Venetian Villa
location: Campocroce, IT
LIVE|WORK
Our lives are often separated into the opposing endeavors of life and work, with some cultures prioritizing one effort over the other: some live to work while others work to live. The villa, as originally intended, was a relaxing, pastoral respite from urban commerce and production; a place to retire to for recuperation; a return to a simpler relation between the owner and the land. The villa allowed owners to relocate themselves spatially, temporally and mentally from the degradations of urban living. In its most romantic and idealistic contexts, the villa was a palliative space for the body and soul that provided a clean and honest counterpoint to the evils of the city.
What is often forgotten is that this bucolic setting was and always remained a center of work for the multitudes that far outnumbered the elite owners. While the voiceless fieldhands, animal handlers, and artisans that made villas functional centers might have truly loved their environment and had deep ties to the land, they would never have the luxury of relishing the “rustic” life. The villa was a site of work, sustenance and safety. It was where they lived and worked in support of the owner’s chosen lifestyle. It was productive and may have been self-sustaining for the owner, but the people working there were dependent upon the food and commerce that came out of these small collectives. Without privileging one side of this relationship over the other, it is the integration and synthesis of work and relaxation that truly distinguishes a villa from a simple farm or from a domicile.

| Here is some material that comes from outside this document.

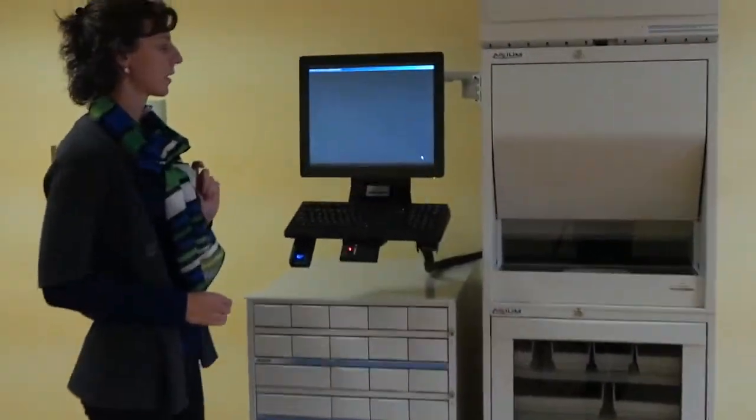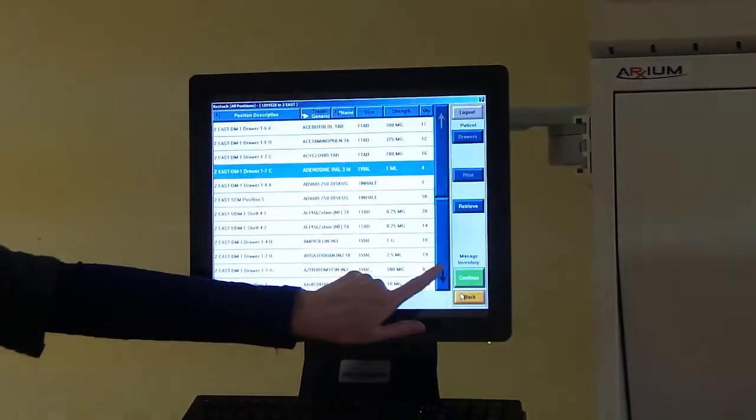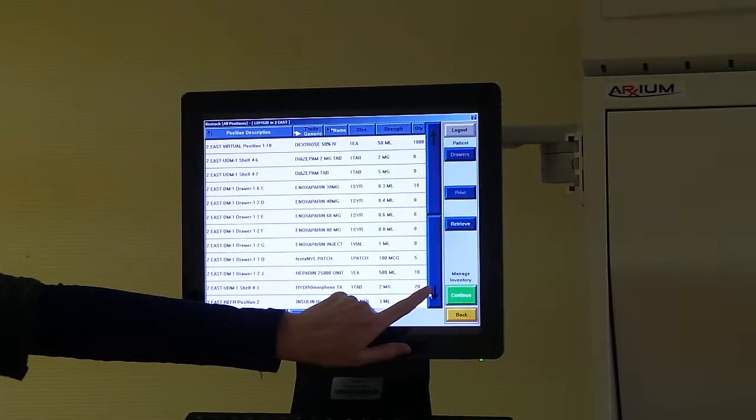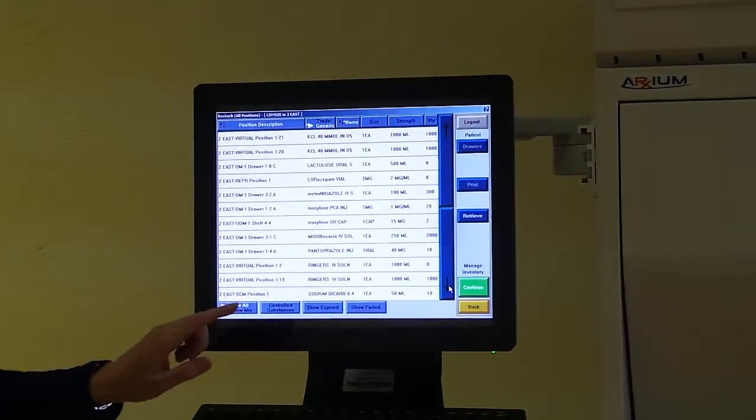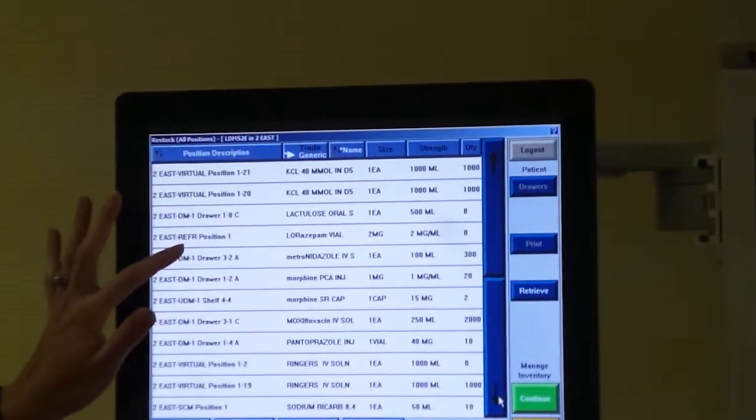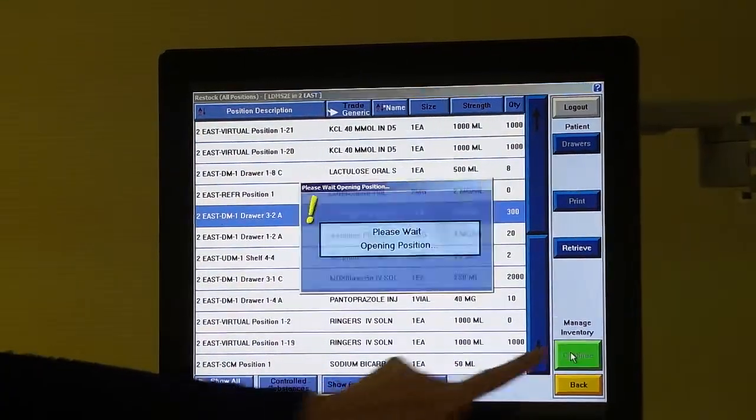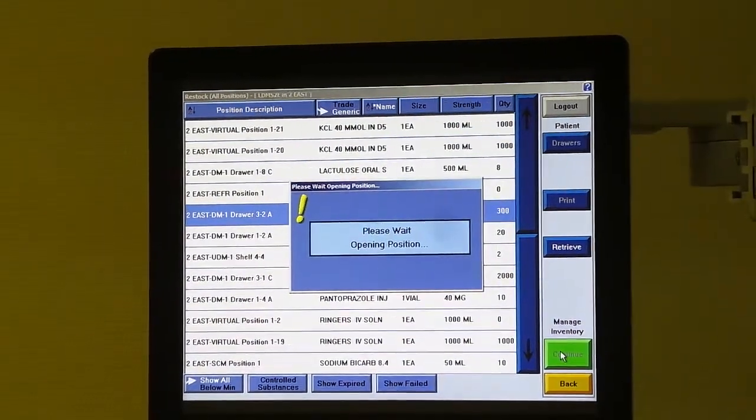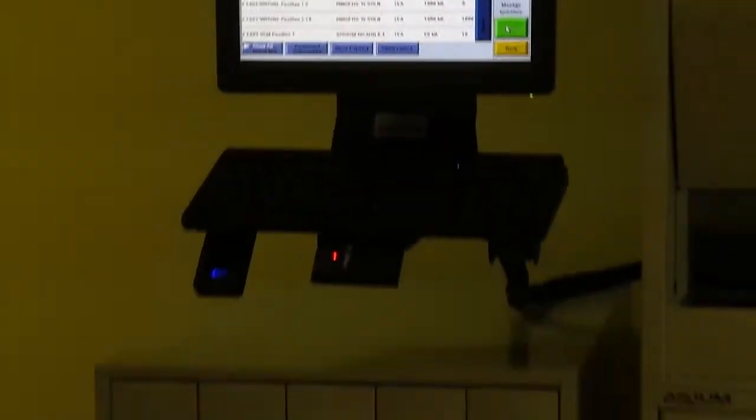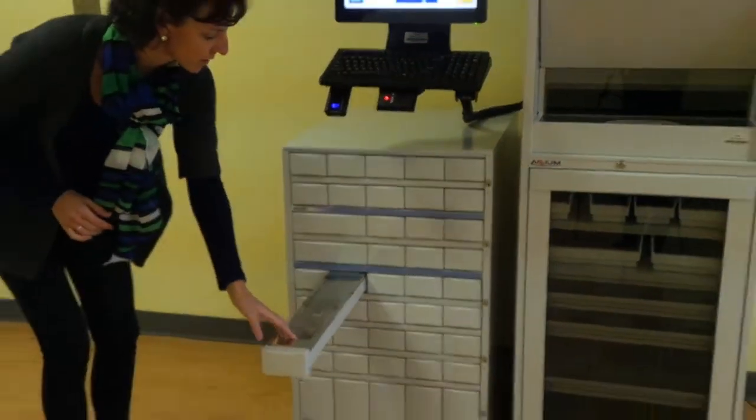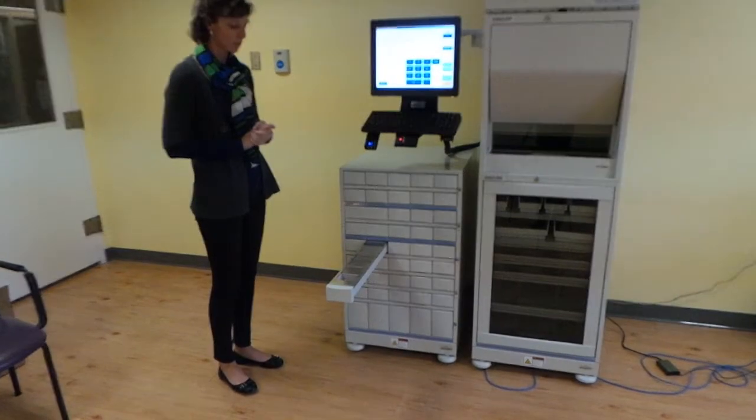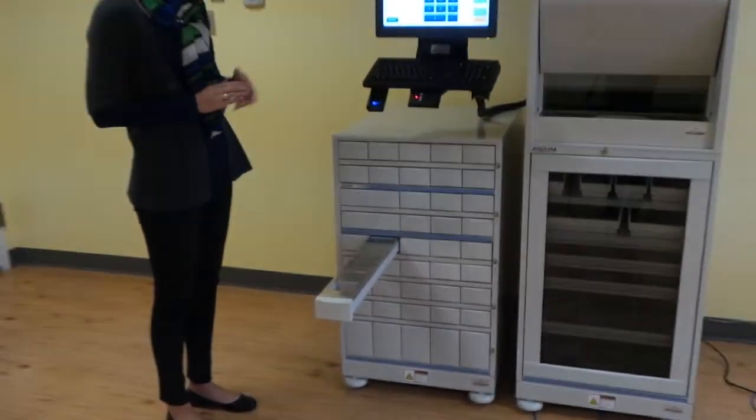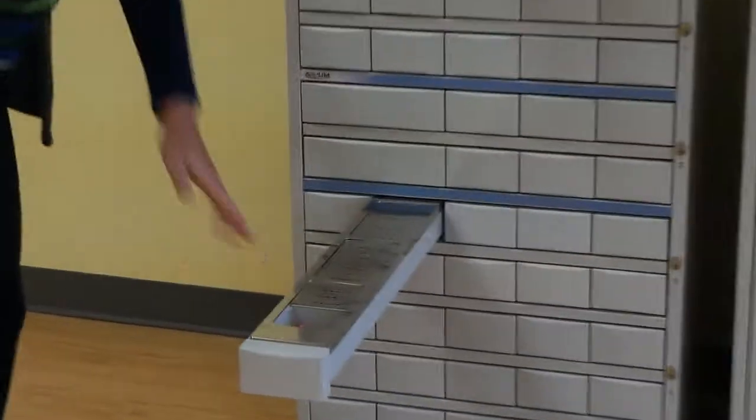The second type of drawer is a single-item access drawer. This is primarily used for narcotics and controlled substances. What will happen is the drawer will open and there will be a sheet of metal over the types of medications you are not permitted to access. Only the medication that you are trying to dispense will be available for you.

We see agritourismo as an inversion of the normative relationship inherent in the conception of villas. Rather than workers’ production supporting a rustic house of relaxation, the villa provides additional income through luxury accommodation to support traditional occupations. Our proposal aims to emphasize and accentuate the complex relationship between luxury and necessity, between urban and rural, between living and work. We have created spaces that mediates between recreation and production while also transitioning from urban to rural. Interventions are not limited to the “Villa” but rather extend across the entirety of the villa complex, integrating living and recreation spaces with production and commerce. We have looked to establish a wider range of services that reflect the complex and complimentary uses that are co-located on the property. The project expresses the wide range of living and working programs that synthesize to maintain and update the traditional villa.